Вторую часть книги составляют три чрезвычайно интересных историко-биографических очерка, написанных в стиле «центральноевропейского» писателя и эссеиста Ст. Цвейга (отчасти М. Алданова), которые посвящены Иосифу II, знаменитому правителю Священной Римской империи германской нации, «красному графу» Михаю Кароли, пытавшемуся после падения дома Габсбургов сохранить единую Венгрию и «последнему философу на троне» (по аналогии с Т. Г. Масариком) президенту Вацлаву Гавелу. Развивая метафору утерянного топоса, Шимов рассматривает своих героев par excellence в момент ухода с «политической сцены, где разворачивался отчаянный торг за наследство» (с.85).

В последнем эссе-портрете, говоря о правозащитном прошлом президента Чехии Гавела Шимов точно подмечает общность «диссидентства и революционного подполья» (отметим от себя — и «подпольного человека» Ф. Достоевского) (с.90). Таким образом, выстраивается тонкая грань «двойничества» между жертвой и властью, а в дальнейшем их взаимозаменяемости.

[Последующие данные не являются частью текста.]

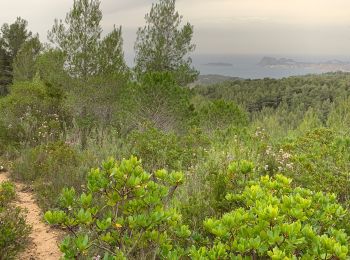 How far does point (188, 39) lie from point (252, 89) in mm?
52672

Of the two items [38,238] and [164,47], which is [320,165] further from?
[164,47]

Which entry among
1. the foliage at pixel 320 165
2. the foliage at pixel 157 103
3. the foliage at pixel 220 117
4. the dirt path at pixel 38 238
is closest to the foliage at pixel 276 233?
the foliage at pixel 320 165

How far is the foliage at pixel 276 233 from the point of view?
105 inches

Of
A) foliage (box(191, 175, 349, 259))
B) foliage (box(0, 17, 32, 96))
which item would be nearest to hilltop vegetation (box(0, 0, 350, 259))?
foliage (box(191, 175, 349, 259))

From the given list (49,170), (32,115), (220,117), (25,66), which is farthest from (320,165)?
(25,66)

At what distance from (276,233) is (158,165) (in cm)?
599

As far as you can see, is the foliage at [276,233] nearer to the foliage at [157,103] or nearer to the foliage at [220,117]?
the foliage at [157,103]

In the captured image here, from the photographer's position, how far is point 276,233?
2.70 m

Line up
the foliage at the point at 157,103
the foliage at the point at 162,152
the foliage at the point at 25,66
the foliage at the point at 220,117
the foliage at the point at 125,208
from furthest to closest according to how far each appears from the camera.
Answer: the foliage at the point at 25,66, the foliage at the point at 220,117, the foliage at the point at 157,103, the foliage at the point at 162,152, the foliage at the point at 125,208

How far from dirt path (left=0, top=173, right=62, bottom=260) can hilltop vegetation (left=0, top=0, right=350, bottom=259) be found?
0.65 feet

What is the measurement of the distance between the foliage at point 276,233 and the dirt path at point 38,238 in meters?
2.97

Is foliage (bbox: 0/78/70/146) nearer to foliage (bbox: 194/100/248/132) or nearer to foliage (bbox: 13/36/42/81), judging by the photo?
foliage (bbox: 194/100/248/132)

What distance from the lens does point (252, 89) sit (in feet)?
242

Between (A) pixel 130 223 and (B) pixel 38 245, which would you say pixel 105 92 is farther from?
(A) pixel 130 223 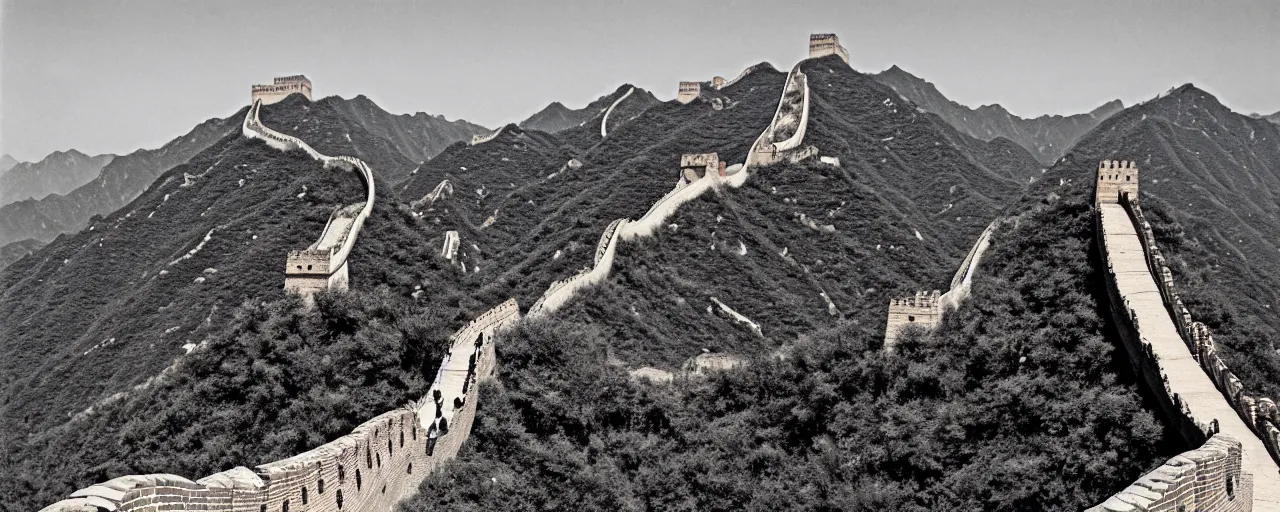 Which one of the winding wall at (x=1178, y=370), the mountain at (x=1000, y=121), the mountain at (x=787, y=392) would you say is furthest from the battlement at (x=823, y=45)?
the winding wall at (x=1178, y=370)

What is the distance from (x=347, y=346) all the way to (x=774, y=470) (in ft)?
39.0

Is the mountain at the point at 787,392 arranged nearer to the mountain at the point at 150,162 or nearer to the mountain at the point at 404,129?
the mountain at the point at 404,129

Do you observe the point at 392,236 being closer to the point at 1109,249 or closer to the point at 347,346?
the point at 347,346

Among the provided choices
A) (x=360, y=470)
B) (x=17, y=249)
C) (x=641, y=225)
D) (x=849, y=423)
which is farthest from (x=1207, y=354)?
(x=17, y=249)

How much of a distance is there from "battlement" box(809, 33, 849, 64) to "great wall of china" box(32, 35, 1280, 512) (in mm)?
44848

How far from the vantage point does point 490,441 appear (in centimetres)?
2508

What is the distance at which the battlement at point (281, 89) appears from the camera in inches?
3187

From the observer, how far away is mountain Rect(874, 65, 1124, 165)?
105 m

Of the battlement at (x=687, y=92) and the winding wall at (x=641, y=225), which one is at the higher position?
the battlement at (x=687, y=92)

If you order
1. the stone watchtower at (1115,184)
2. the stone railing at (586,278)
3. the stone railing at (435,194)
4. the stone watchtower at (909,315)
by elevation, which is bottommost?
the stone watchtower at (909,315)

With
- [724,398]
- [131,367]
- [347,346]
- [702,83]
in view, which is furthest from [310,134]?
[724,398]

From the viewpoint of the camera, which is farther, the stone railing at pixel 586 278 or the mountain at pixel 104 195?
the mountain at pixel 104 195

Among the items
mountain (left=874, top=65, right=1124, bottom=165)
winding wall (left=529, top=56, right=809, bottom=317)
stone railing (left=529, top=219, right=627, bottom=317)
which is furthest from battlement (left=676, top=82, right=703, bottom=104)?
stone railing (left=529, top=219, right=627, bottom=317)

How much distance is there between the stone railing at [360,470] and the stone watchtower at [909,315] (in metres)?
9.87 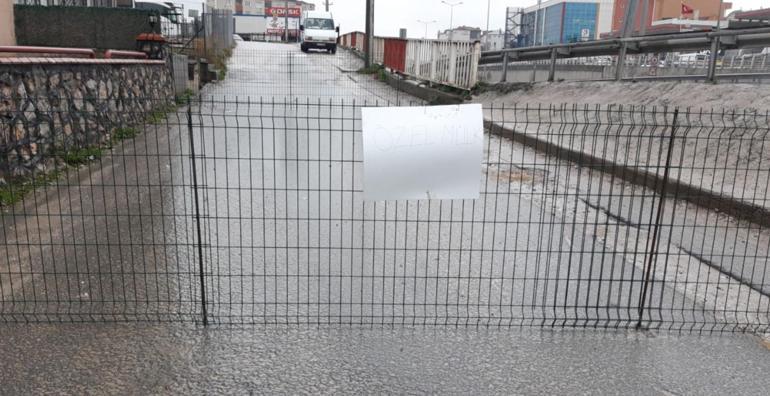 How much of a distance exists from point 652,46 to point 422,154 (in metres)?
11.1

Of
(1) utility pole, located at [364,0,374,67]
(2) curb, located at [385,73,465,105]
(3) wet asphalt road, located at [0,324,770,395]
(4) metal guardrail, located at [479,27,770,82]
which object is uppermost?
(1) utility pole, located at [364,0,374,67]

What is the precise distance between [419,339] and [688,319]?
2060 millimetres

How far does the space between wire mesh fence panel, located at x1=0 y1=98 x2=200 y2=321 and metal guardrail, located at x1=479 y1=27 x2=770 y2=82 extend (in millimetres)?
9276

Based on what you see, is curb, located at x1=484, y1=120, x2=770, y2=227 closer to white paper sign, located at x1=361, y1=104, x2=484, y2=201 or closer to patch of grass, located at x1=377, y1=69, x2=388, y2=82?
white paper sign, located at x1=361, y1=104, x2=484, y2=201

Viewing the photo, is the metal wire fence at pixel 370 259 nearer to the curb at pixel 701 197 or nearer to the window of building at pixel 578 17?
the curb at pixel 701 197

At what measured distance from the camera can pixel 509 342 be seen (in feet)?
14.0

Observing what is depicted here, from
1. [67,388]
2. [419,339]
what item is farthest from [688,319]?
[67,388]

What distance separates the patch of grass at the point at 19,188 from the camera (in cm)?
692

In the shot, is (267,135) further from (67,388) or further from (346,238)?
(67,388)

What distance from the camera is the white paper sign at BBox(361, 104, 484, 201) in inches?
160

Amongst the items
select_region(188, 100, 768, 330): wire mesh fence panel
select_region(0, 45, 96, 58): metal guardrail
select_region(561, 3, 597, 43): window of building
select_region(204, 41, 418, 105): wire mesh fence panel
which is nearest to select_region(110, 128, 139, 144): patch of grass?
select_region(0, 45, 96, 58): metal guardrail

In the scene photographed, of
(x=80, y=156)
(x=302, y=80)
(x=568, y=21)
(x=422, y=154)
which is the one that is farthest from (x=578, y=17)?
(x=422, y=154)

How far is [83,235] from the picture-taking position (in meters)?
6.16

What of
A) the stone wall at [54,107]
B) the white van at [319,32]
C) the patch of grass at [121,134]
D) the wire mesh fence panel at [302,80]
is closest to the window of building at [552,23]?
the white van at [319,32] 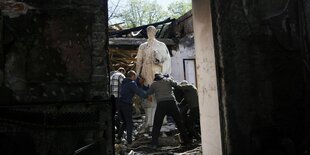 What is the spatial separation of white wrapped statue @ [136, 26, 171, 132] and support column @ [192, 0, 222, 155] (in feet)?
12.6

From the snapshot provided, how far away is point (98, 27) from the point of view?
4.24 meters

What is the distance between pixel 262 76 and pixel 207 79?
31.2 inches

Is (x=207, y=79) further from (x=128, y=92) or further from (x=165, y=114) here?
(x=128, y=92)

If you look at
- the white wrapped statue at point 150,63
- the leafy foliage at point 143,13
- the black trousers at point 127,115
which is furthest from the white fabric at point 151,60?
the leafy foliage at point 143,13

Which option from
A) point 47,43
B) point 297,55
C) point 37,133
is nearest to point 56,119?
point 37,133

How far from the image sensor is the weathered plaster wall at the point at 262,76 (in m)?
4.69

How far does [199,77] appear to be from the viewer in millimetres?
5352

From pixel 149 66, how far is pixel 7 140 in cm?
568

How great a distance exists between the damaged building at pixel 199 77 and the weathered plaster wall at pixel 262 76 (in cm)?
1

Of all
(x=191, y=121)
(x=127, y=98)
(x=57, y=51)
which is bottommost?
(x=191, y=121)

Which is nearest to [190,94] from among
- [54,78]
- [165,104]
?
[165,104]

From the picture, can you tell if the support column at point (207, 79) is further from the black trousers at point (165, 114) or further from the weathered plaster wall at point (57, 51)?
the black trousers at point (165, 114)

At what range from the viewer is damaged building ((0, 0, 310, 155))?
4.00m

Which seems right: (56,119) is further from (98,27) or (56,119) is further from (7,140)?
(98,27) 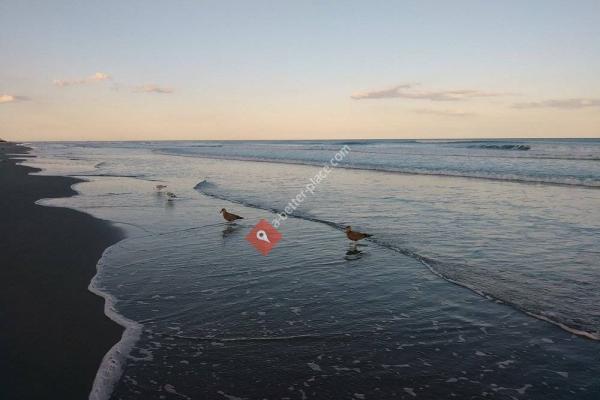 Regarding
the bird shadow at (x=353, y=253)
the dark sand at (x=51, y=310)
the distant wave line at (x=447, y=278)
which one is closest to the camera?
the dark sand at (x=51, y=310)

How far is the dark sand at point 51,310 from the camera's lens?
4789mm

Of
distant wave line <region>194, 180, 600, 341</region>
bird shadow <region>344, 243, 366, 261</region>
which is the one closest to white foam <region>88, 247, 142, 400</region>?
bird shadow <region>344, 243, 366, 261</region>

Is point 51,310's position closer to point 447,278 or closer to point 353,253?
point 353,253

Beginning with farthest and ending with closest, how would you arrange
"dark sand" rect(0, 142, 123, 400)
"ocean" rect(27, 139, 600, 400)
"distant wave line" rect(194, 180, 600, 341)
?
"distant wave line" rect(194, 180, 600, 341)
"ocean" rect(27, 139, 600, 400)
"dark sand" rect(0, 142, 123, 400)

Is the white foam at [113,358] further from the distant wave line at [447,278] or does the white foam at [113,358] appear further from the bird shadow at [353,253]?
the distant wave line at [447,278]

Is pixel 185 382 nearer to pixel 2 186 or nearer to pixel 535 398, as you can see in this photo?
pixel 535 398

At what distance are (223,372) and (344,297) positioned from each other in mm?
3040

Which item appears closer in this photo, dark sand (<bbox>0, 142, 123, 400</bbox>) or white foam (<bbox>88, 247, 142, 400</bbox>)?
white foam (<bbox>88, 247, 142, 400</bbox>)

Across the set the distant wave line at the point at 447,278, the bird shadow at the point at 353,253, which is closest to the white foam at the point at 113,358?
the bird shadow at the point at 353,253

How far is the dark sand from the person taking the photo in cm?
479

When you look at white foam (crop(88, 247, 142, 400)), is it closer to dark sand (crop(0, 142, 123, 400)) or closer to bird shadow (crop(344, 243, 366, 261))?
dark sand (crop(0, 142, 123, 400))

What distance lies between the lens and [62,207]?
16.6 metres

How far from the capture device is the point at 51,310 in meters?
6.66

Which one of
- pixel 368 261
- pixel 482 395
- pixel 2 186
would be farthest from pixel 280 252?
pixel 2 186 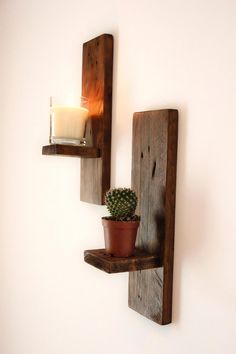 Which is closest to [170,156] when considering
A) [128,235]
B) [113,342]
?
[128,235]

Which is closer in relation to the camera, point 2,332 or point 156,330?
point 156,330

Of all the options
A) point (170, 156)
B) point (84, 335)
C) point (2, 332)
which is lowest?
point (2, 332)

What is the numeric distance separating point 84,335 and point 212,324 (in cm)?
48

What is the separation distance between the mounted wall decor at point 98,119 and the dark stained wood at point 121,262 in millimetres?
209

Вместе с тем исследование Шимова вызывает и некоторые возражения. Так, в книге несколько раз критически упоминается Версальский договор 1918 г. и его логические продолжения вроде Трианонского мира 1920 г., существенно сократившие Венгрию на две трети ее территории и на 59% ее население (с.31). Признавая все несовершенство Версальской системы границ, следует напомнить, что многие из них устанавливались de facto, как границы Польши, в частности, Виленская область, включенная в состав Речи Посполитой в 1920 г. Нужно учитывать, что после окончания первой мировой войны Антанта не имела ни ресурсов (отчасти), ни моральных сил (главным образом) для ведения политической кампании, которая бы имела реальные шансы перерасти в военную, нацеленную на установление более «справедливых» границ.

Отметим от себя, что подобной усталостью объясняется и весьма скромная, по мнению большинства белых генералов, помощь держав «Сердечного согласия» антибольшевистским силам в России. Хотя трудно было ожидать большего после четырех лет тяжелейших боев, в ходе которых (и не без оснований) у Антанты в отношении России сложился стереотип ненадежного союзника, который не вел активных боевых действий, отсиживался за счет Западного фронта, в 1917 г. просто саботировал свои обязанности, а в довершении всего пытался разрешить свои сугубо внутренние проблемы (гражданская война) кровью «интервентов».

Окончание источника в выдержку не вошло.